* [Prompt]
The data should be written out in full, exactly as it stands, and the pictures dropped.

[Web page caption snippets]
━━━━━━━━━━━━━━━━━━━━━━━━━━━━━━

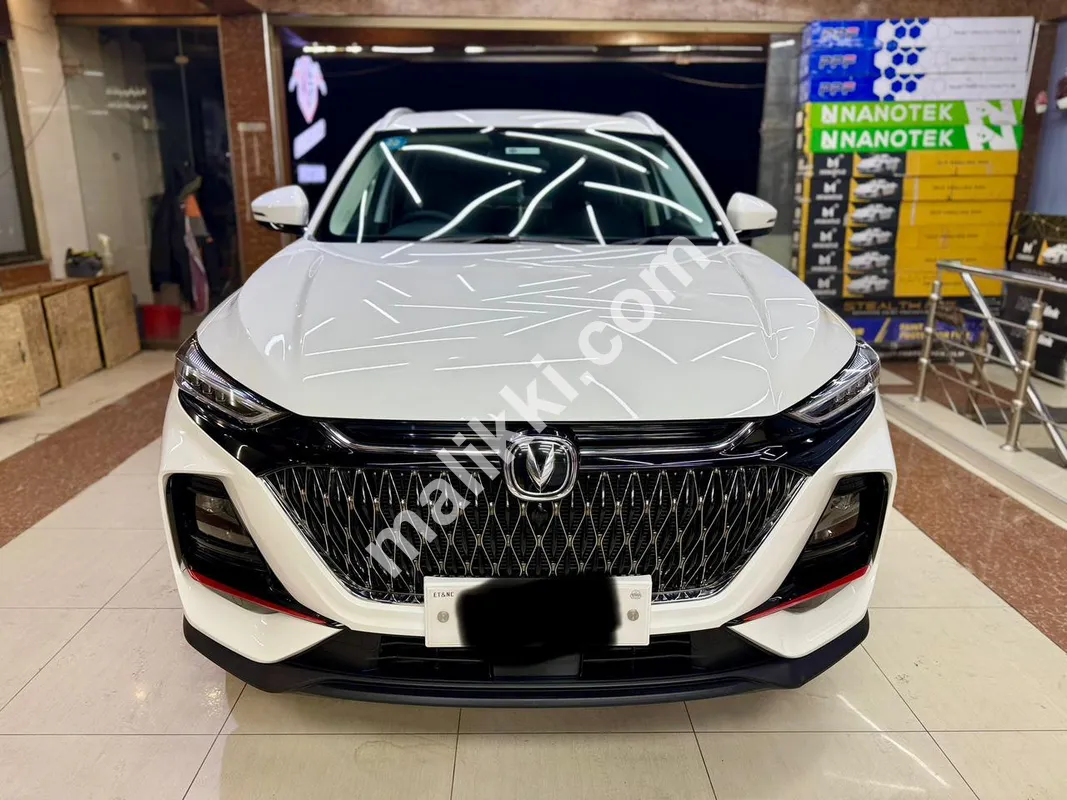 Changan OSHAN X7 1.5 Turbo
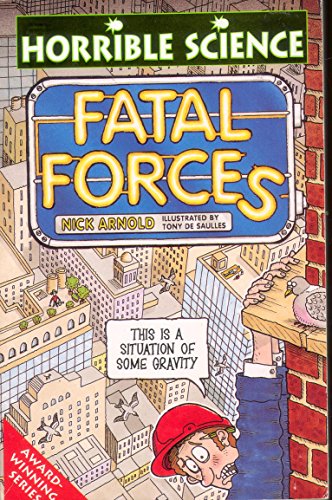 Beispielbild fr Fatal Forces zum Verkauf von Better World Books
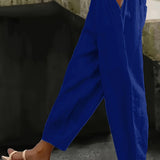 Rachel™ - Bequeme Capri mit elastischem Bund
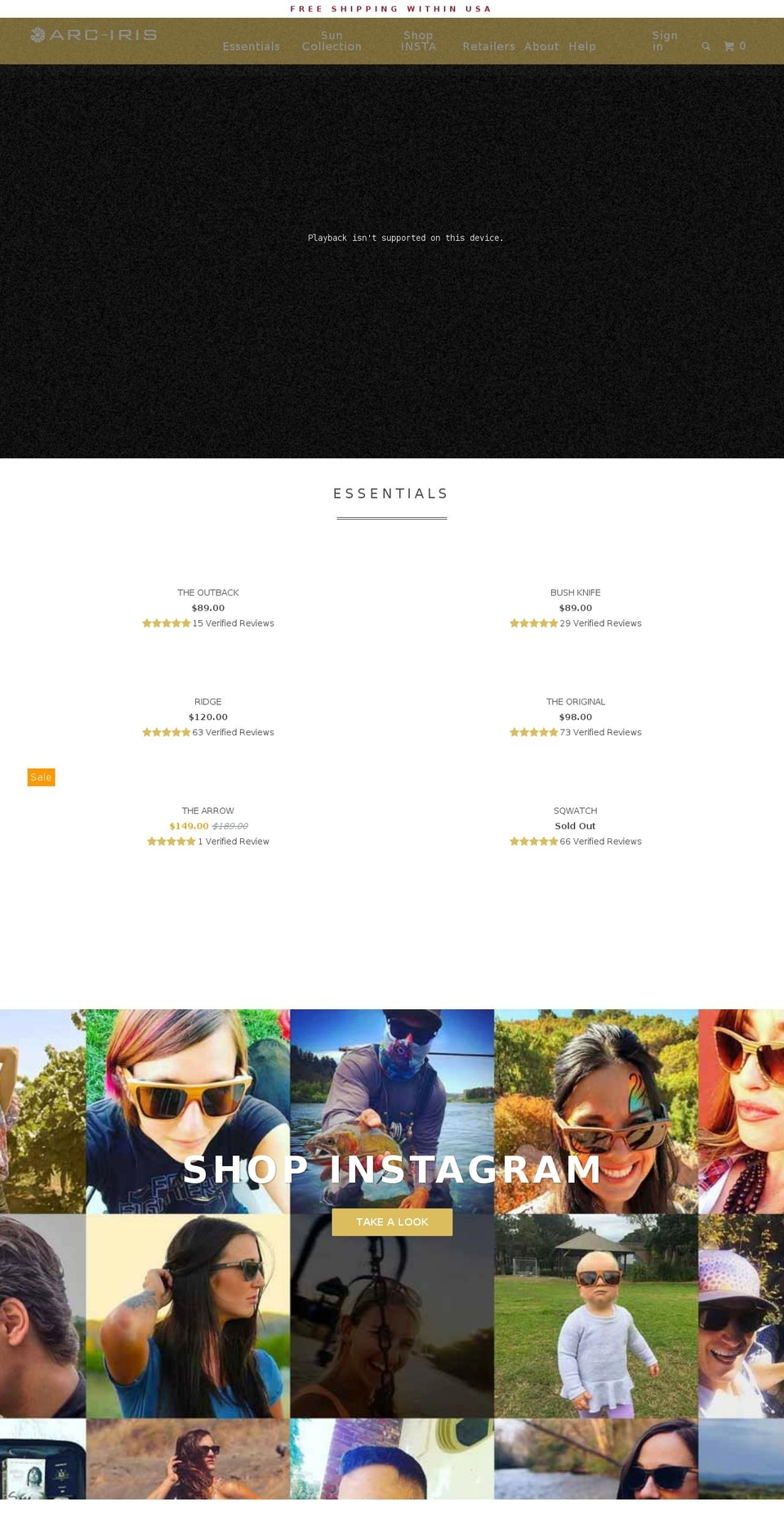 Transfer to Shopify Reviews Shopify theme site example mountainexploring.com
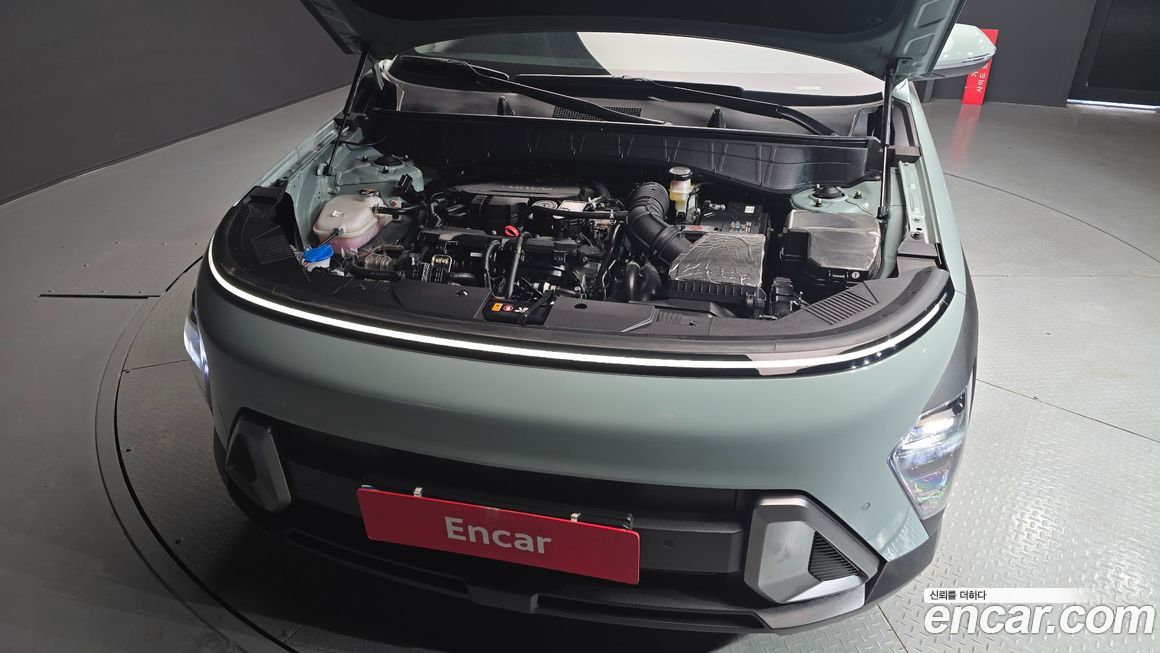 Hyundai Kona 2025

━━━━━━━━━━━━━━━━━━━━━━━━━━━━━━

* [Exercise output]
 Changan OSHAN X7 1.5 Turbo
 Beispielbild fr Fatal Forces zum Verkauf von Better World Books
 Rachel™ - Bequeme Capri mit elastischem Bund
 Transfer to Shopify Reviews Shopify theme site example mountainexploring.com
 Hyundai Kona 2025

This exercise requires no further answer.